Comp Pressured at Canadian Banks, Too
Asking the boss for a raise is getting harder on Bay Street as banks keep a close eye on costs and the Canadian economy continues to weaken.
So far, banks have avoided the uproar over executive compensation seen in the U.S., where financial institutions are receiving billions in government aid to keep them afloat.
But Towers Perrin, the benefits consulting firm, found 25 percent of the financial services firms it surveyed in January had frozen their salary budgets.
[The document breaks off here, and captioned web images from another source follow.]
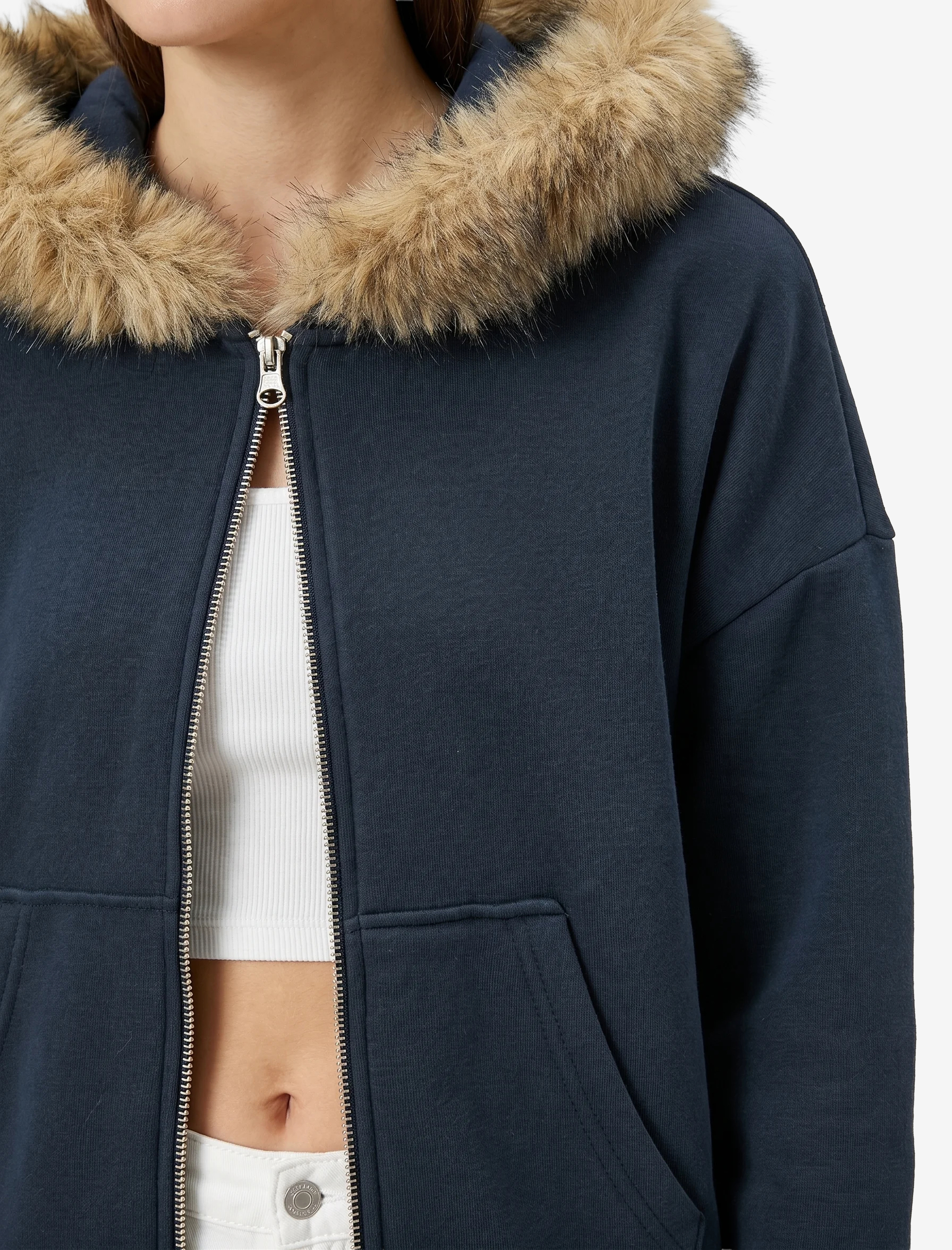 Koton Şardonlu Cepli Rahat Kalıp Uzun Kollu Fermuarlı Suni Kürk Kapüşonlu Sweatshirt görsel 4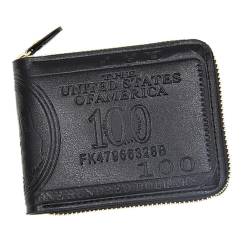 PLCPDM Modische Geldbörse aus PU-Leder, mit Reißverschluss, Münzgeldbörse, Kreditkartenhalter, Organizer, geeignet für verschiedene Anlässe, Schwarz von PLCPDM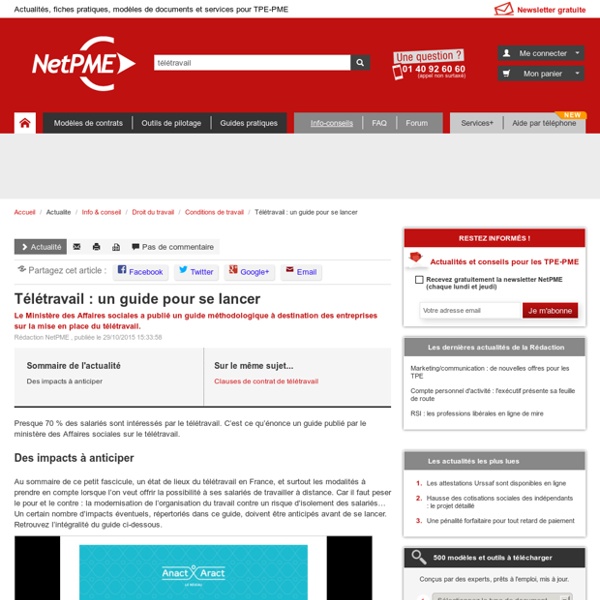 Télétravail : un guide pour se lancer NetPME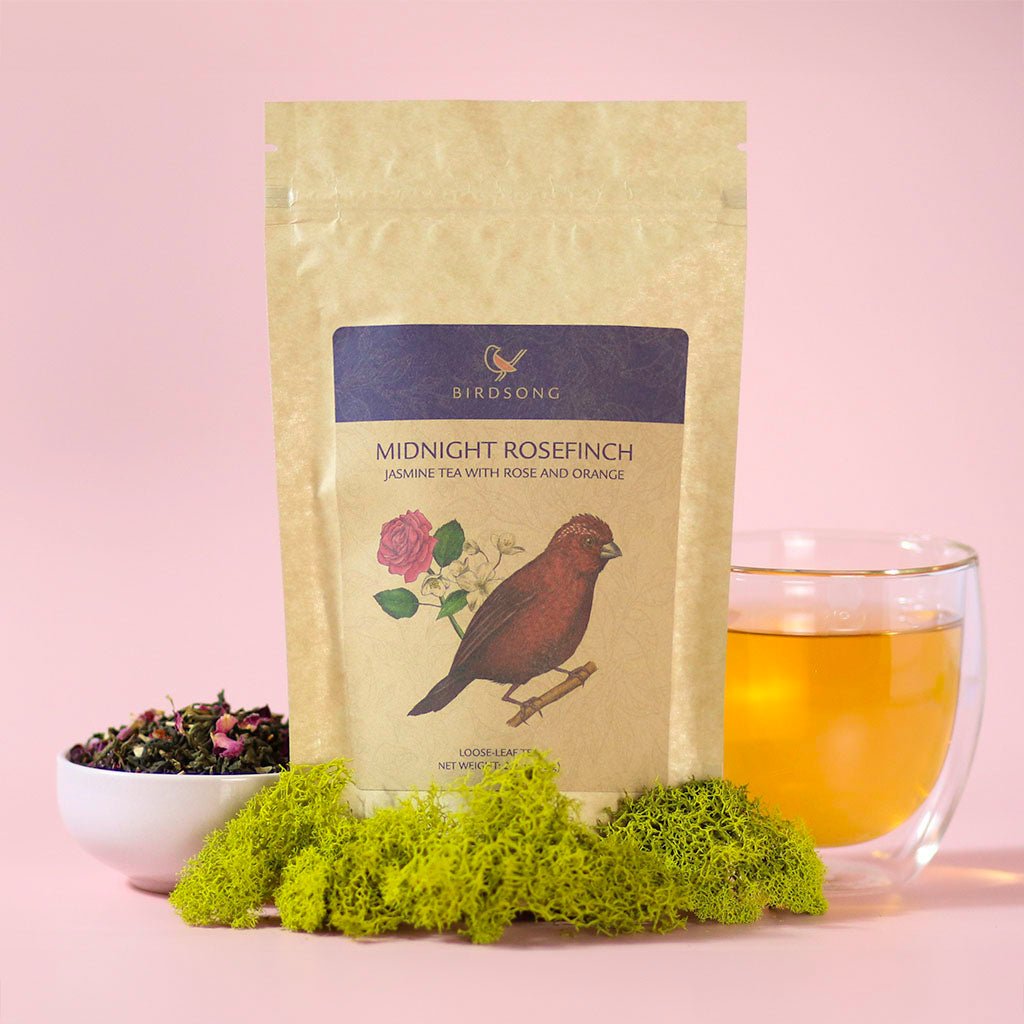 Midnight Rosefinch loose leaf green tea blend featuring jasmine blossoms, rose petals, and dried orange — view 4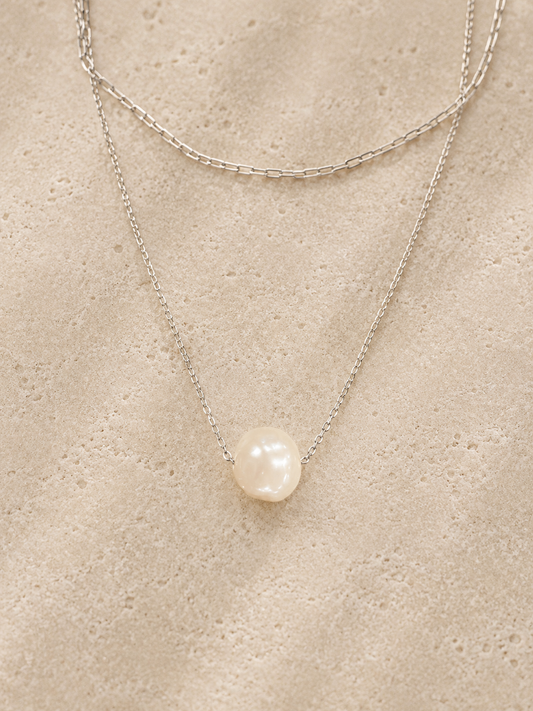 The Isla Layered Silver Pearl Necklace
For those that are increasing spending, the gains average about 3 percent this year, and may fall to 2 percent in 2010, says Managing Principal Fiona Macdonald.
"What did not surprise us is that salary budgets are dropping," she says. "The longer people wait, the lower the decision will be."
Nationwide, 74 percent of respondents in all industries were freezing hiring while another 57 percent said they plan "targeted staff cuts focusing on less critical roles and poor performers." Companies also are reducing spending on travel, entertainment, employee events and training.
DundeeWealth, a money manager and investment dealer, eliminated 380 jobs, or 25 percent of its staff, over the last year as part of Chief Executive David Goodman's drive to cut costs and improve returns. The Toronto-based company slashed another 60 jobs on Feb 4. A Dundee spokeswoman declined to specify where the cuts occurred.
While Canadian officials say there is no significant push to regulate bank executive pay, companies are clearly feeling pressure. Mercer National Partner Michael Thompson tells Reuters he expects most CEO base salaries to stay flat, with lower-level employees seeing increases of less than 3 percent. For financial services professionals, that means bonuses will take a hit. "They are more likely to have paid lower bonus ... for 2008 performance, which is probably not surprise to any of us," he says.
Recruiters such as David J. Gardner of David Alpin Recruiting in Toronto expect the pressures to continue, particularly if the economy worsens as expected. "aggressive (bonus) cuts haven't yet been felt fully, but I'm seeing evidence that they'll continue to worsen in the next couple of quarters as the banks will need to show the average Canadian that they are embracing the fiscal prudence that is the new normal," he says. "Certainly, my financial services companies have put a halt on all but essential spending. No salary cuts, but increases will remain on hold until the market is on more solid footing and we see the light at the end of this recessionary tunnel."